# [Input data]

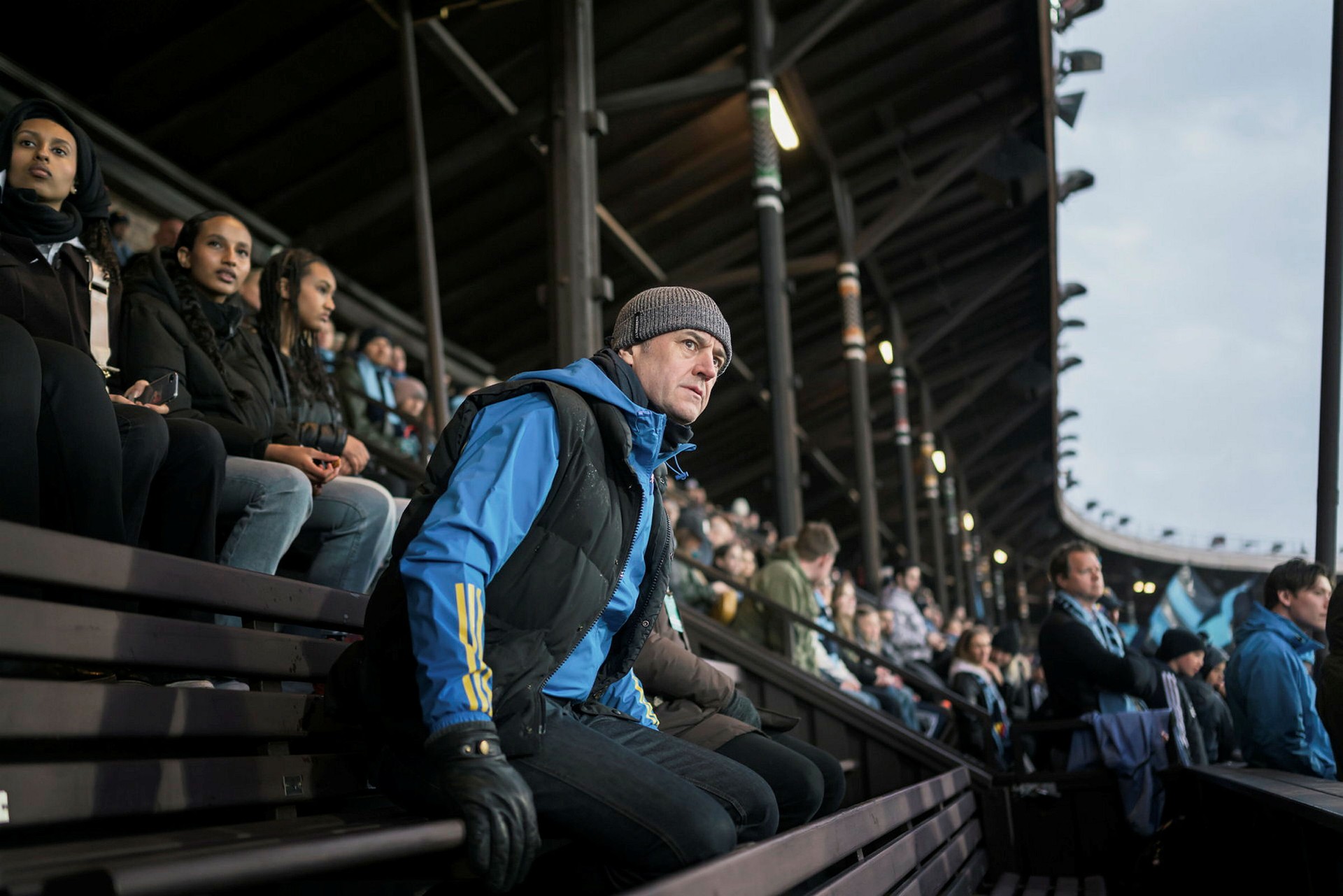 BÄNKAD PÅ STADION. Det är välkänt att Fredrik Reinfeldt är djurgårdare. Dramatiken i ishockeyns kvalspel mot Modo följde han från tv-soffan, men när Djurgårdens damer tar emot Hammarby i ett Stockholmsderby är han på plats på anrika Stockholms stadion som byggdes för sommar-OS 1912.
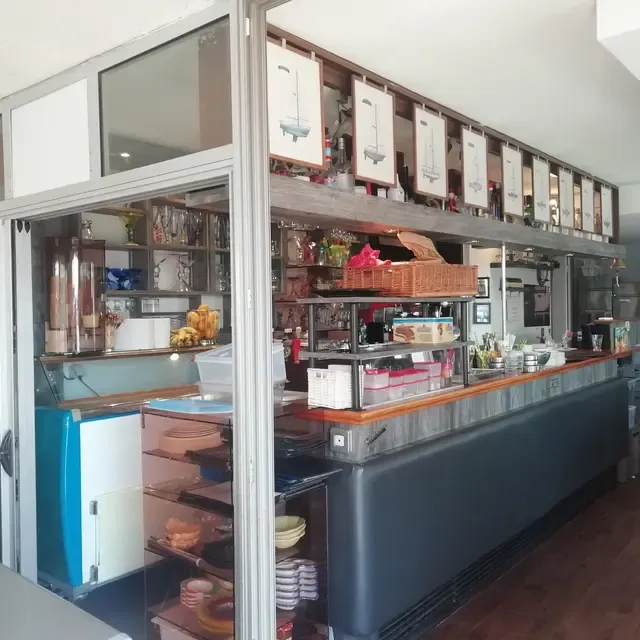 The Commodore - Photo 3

...

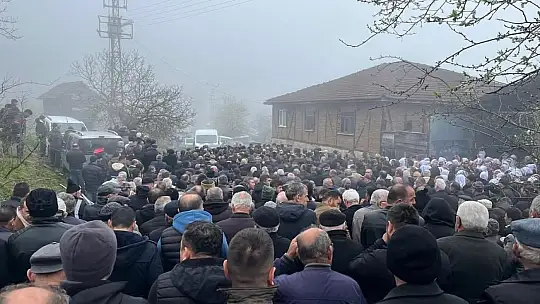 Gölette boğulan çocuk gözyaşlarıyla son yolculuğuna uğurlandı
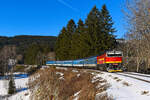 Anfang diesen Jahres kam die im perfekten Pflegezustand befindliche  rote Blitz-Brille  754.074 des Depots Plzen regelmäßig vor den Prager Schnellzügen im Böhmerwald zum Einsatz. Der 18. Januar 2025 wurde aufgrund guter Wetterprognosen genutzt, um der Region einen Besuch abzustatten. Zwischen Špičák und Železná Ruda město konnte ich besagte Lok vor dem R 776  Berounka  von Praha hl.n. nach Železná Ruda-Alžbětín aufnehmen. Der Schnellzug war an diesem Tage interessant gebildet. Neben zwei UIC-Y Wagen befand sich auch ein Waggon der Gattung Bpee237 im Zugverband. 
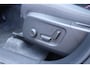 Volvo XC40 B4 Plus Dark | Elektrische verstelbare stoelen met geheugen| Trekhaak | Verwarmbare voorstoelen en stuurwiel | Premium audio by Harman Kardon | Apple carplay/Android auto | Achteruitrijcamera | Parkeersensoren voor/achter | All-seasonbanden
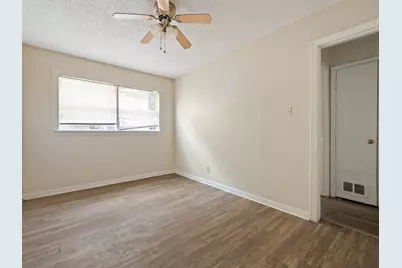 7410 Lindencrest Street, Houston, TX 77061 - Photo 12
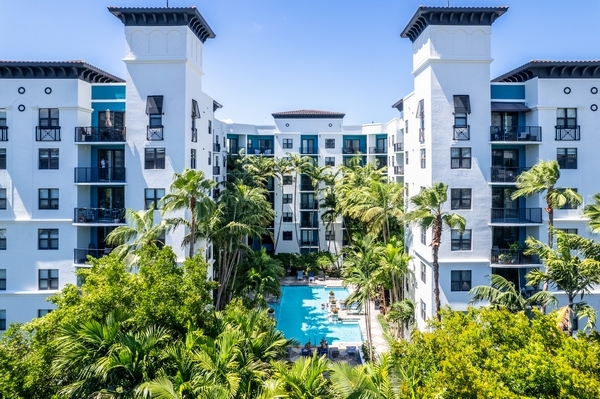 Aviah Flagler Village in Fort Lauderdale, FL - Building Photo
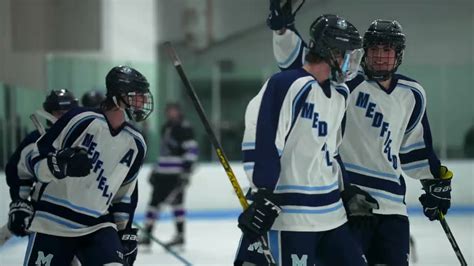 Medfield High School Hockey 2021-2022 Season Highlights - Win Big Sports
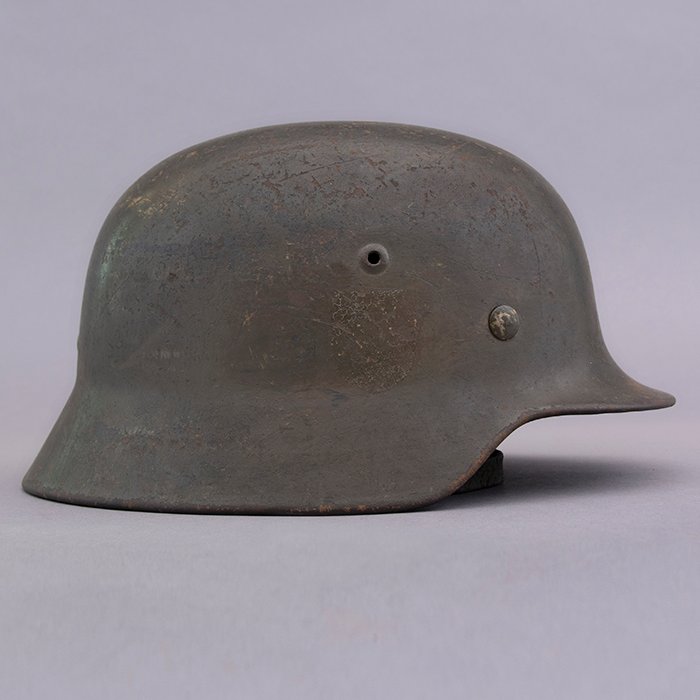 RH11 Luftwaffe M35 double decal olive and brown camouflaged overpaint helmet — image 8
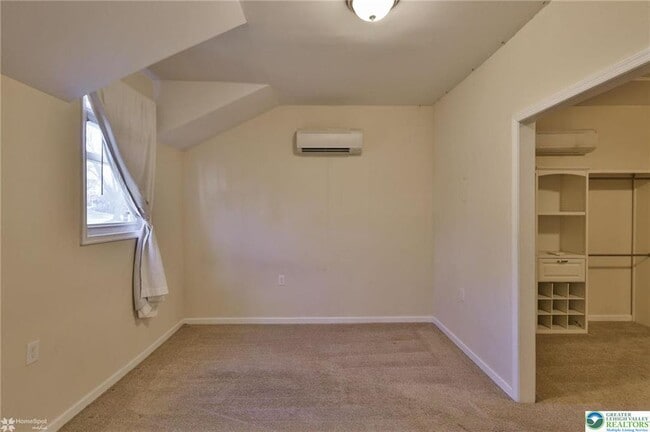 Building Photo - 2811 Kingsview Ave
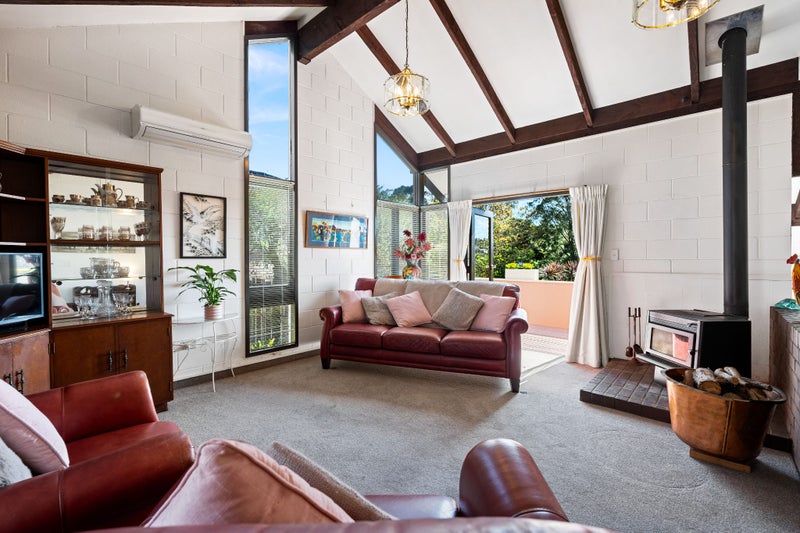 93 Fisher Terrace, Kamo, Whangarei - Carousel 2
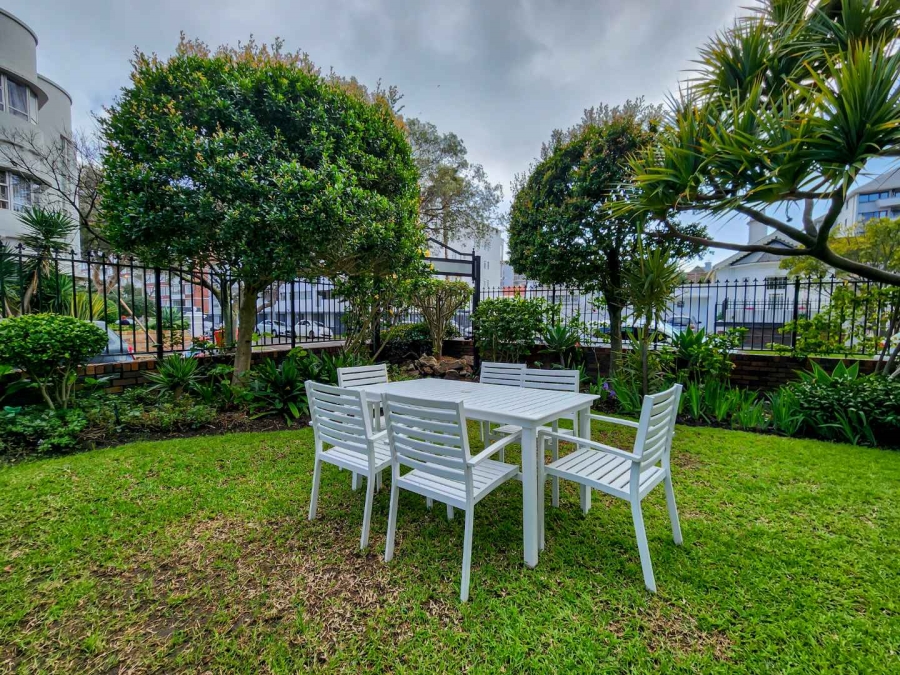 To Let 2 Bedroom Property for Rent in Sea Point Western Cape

# [Goal of the exercise]
Exercise for the records above: copy only the lines from the one with "7410 Lindencrest Street, Houston, TX" to the one with "To Let 2 Bedroom", both ends kept, and drop the pictures.

# [Task response]
 7410 Lindencrest Street, Houston, TX 77061 - Photo 12
 Aviah Flagler Village in Fort Lauderdale, FL - Building Photo
 Medfield High School Hockey 2021-2022 Season Highlights - Win Big Sports
 RH11 Luftwaffe M35 double decal olive and brown camouflaged overpaint helmet — image 8
 Building Photo - 2811 Kingsview Ave
 93 Fisher Terrace, Kamo, Whangarei - Carousel 2
 To Let 2 Bedroom Property for Rent in Sea Point Western Cape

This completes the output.